What you need to produce from the material below is an exact transcription of the lines from the one with "Napoleon Perdis Sketch" through the one with "Tappeto Zigler Pakistan cm.252x293", both included, and no other line.

**GIVEN RECORDS:**
§
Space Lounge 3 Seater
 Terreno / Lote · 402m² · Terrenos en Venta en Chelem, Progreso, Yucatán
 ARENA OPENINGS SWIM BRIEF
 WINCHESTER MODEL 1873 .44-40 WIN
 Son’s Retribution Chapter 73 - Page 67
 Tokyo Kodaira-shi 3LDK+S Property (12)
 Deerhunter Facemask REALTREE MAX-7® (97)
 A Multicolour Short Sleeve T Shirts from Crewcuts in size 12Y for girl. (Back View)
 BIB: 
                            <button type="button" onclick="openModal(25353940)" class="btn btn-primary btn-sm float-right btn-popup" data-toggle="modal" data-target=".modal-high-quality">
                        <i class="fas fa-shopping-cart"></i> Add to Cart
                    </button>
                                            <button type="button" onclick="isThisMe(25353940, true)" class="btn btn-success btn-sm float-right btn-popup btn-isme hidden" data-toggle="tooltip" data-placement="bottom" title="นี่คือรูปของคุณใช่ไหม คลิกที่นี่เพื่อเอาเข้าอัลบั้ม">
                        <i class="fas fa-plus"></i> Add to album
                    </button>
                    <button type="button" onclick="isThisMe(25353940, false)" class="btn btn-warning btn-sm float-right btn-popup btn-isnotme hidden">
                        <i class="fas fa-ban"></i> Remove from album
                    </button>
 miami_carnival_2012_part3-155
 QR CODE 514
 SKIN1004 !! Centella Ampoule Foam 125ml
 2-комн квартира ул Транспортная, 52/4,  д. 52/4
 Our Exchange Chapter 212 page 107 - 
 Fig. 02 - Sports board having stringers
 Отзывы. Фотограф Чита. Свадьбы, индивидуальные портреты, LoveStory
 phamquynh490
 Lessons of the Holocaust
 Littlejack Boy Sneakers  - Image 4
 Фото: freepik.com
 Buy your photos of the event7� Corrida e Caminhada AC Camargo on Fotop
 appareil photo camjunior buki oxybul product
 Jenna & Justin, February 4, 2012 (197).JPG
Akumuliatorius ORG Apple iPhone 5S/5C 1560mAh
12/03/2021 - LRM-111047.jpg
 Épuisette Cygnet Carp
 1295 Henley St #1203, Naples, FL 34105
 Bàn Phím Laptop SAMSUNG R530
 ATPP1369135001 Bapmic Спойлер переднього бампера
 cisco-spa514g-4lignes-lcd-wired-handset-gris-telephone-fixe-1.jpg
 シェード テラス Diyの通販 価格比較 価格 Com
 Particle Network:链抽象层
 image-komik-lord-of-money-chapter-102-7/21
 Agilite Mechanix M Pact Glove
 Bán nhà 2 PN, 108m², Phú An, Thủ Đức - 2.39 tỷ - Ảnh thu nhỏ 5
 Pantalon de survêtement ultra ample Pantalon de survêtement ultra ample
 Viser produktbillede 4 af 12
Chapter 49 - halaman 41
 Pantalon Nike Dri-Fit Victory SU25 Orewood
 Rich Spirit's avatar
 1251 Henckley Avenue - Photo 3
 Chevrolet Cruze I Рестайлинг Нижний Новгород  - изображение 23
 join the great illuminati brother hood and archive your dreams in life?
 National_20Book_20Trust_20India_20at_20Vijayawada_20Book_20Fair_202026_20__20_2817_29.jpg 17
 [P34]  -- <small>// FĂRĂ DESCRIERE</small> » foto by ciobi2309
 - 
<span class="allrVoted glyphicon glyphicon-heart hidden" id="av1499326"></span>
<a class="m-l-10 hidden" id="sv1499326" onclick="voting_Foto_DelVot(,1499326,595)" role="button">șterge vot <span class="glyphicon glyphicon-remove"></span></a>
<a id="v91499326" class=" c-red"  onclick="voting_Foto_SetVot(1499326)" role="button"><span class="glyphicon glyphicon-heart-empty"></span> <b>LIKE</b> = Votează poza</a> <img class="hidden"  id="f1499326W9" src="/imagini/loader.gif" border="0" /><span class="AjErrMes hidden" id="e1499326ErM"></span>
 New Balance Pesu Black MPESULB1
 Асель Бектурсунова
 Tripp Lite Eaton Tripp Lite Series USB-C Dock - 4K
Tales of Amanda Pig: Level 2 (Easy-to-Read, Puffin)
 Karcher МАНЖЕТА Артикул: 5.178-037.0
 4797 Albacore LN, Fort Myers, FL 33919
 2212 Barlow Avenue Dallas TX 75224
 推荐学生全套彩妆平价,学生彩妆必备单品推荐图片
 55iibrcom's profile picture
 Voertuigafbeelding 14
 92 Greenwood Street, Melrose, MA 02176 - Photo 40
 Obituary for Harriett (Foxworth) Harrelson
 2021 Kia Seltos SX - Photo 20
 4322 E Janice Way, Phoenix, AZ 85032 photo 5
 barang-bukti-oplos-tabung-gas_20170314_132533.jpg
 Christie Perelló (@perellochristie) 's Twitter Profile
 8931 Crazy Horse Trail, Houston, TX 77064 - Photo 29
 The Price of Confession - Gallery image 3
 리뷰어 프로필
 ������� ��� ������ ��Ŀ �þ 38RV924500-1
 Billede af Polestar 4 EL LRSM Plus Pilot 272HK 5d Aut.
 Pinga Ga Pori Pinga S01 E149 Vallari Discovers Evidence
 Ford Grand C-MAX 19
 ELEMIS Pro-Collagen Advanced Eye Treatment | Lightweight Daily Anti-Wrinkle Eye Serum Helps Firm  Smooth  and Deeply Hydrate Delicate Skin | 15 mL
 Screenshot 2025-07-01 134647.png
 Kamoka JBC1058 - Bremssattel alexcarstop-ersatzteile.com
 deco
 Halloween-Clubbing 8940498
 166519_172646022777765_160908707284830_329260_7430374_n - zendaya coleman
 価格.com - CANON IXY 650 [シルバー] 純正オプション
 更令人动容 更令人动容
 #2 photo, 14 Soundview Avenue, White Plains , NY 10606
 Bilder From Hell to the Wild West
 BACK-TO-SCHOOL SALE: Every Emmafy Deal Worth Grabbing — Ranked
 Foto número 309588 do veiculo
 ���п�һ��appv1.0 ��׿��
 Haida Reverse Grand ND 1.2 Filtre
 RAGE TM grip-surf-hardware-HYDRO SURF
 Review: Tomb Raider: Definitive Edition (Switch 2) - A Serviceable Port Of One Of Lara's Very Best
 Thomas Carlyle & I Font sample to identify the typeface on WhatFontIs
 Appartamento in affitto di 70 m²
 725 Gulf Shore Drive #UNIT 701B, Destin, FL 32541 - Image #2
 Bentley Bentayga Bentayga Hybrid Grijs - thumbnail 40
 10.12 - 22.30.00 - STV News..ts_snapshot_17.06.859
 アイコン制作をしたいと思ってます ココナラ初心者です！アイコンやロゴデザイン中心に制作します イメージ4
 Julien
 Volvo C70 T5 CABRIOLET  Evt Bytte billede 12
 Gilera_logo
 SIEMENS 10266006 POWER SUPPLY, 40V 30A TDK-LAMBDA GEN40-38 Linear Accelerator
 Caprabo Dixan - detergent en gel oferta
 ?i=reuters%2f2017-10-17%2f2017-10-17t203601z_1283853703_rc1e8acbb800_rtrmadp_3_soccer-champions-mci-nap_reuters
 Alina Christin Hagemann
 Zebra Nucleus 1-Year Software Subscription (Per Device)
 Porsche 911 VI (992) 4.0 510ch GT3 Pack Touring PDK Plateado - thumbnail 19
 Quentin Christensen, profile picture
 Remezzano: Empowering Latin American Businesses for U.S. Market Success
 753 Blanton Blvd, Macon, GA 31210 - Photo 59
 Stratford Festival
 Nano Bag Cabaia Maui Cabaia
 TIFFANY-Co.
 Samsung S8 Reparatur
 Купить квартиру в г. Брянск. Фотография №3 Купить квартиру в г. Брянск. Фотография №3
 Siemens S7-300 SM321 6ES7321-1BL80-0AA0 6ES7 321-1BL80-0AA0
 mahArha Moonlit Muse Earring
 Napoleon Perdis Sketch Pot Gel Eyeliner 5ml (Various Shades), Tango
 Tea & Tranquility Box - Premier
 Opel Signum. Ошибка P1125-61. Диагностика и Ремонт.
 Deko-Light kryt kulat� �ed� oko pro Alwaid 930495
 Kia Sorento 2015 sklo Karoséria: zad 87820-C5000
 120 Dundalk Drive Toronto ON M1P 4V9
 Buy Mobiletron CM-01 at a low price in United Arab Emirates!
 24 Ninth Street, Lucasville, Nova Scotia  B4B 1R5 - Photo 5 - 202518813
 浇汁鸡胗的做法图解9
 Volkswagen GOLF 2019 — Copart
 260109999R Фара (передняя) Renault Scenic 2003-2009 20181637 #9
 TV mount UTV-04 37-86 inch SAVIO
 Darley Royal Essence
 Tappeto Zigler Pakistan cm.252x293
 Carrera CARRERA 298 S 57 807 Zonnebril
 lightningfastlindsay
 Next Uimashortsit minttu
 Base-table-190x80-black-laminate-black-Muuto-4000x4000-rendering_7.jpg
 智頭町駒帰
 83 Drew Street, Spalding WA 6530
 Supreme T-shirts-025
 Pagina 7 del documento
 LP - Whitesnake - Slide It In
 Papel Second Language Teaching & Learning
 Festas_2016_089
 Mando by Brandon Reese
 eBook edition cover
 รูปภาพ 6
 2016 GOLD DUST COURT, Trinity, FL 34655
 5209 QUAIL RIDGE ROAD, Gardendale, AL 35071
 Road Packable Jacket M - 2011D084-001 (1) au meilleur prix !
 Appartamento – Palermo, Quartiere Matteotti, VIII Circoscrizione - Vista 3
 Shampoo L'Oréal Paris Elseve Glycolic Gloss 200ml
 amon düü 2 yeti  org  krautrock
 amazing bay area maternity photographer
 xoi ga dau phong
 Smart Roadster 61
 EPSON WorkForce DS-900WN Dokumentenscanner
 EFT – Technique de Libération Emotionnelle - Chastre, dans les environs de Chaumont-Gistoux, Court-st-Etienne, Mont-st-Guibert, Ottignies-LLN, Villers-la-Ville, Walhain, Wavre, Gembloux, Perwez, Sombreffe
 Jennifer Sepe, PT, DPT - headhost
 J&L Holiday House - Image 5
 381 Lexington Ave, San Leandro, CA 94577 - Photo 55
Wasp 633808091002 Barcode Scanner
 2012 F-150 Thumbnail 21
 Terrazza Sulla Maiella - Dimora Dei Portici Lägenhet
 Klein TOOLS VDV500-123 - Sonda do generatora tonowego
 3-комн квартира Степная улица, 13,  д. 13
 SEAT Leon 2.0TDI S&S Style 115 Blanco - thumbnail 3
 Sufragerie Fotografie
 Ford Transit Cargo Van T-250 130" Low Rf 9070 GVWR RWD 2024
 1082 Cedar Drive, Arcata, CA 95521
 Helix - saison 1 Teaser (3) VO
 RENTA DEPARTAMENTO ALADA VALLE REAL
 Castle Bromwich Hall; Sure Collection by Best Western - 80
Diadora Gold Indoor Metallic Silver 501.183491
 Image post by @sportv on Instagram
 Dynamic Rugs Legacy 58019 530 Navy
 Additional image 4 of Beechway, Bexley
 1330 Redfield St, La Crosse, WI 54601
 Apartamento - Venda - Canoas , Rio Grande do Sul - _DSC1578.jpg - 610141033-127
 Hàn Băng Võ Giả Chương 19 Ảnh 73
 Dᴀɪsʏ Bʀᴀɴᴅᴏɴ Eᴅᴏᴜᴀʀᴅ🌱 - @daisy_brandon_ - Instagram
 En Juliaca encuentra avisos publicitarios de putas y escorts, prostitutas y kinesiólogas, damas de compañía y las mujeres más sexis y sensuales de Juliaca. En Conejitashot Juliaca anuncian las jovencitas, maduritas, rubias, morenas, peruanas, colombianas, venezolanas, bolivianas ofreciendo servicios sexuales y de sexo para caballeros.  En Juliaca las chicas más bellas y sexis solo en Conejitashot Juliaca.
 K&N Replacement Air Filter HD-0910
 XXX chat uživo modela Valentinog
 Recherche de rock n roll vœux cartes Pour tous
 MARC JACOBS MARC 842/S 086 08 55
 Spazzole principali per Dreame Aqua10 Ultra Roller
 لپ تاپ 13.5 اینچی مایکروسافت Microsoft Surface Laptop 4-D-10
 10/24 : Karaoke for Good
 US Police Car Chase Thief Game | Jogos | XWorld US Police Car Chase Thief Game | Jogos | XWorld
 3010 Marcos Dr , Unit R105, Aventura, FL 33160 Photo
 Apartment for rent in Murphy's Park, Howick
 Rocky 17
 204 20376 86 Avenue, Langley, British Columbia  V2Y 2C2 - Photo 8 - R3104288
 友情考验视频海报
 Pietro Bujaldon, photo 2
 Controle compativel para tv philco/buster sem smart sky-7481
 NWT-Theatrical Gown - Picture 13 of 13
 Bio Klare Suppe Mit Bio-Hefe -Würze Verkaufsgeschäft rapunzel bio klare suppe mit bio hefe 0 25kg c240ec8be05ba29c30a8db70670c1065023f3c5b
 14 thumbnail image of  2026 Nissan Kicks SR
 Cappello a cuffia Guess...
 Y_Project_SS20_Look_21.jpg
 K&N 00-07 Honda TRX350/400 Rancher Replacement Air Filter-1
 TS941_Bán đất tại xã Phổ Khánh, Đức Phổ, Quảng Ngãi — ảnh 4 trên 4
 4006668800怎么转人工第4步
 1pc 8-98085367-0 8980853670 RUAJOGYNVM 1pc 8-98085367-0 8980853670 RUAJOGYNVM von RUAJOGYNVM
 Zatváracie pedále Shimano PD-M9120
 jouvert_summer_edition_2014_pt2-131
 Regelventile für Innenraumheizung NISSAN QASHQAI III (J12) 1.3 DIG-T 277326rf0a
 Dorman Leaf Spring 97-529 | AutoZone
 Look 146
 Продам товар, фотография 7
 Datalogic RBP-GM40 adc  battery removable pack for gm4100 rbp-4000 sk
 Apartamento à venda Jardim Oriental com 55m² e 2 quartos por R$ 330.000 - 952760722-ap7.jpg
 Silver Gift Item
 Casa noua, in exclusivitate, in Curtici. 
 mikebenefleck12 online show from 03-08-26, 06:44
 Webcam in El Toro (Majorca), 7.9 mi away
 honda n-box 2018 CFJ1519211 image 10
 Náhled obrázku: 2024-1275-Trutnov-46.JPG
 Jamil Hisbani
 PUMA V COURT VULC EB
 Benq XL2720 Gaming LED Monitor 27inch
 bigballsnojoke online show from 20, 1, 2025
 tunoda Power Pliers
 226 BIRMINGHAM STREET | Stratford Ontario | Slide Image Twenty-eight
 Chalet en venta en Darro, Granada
§
**TASK RESPONSE:**
 Napoleon Perdis Sketch Pot Gel Eyeliner 5ml (Various Shades), Tango
 Tea & Tranquility Box - Premier
 Opel Signum. Ошибка P1125-61. Диагностика и Ремонт.
 Deko-Light kryt kulat� �ed� oko pro Alwaid 930495
 Kia Sorento 2015 sklo Karoséria: zad 87820-C5000
 120 Dundalk Drive Toronto ON M1P 4V9
 Buy Mobiletron CM-01 at a low price in United Arab Emirates!
 24 Ninth Street, Lucasville, Nova Scotia  B4B 1R5 - Photo 5 - 202518813
 浇汁鸡胗的做法图解9
 Volkswagen GOLF 2019 — Copart
 260109999R Фара (передняя) Renault Scenic 2003-2009 20181637 #9
 TV mount UTV-04 37-86 inch SAVIO
 Darley Royal Essence
 Tappeto Zigler Pakistan cm.252x293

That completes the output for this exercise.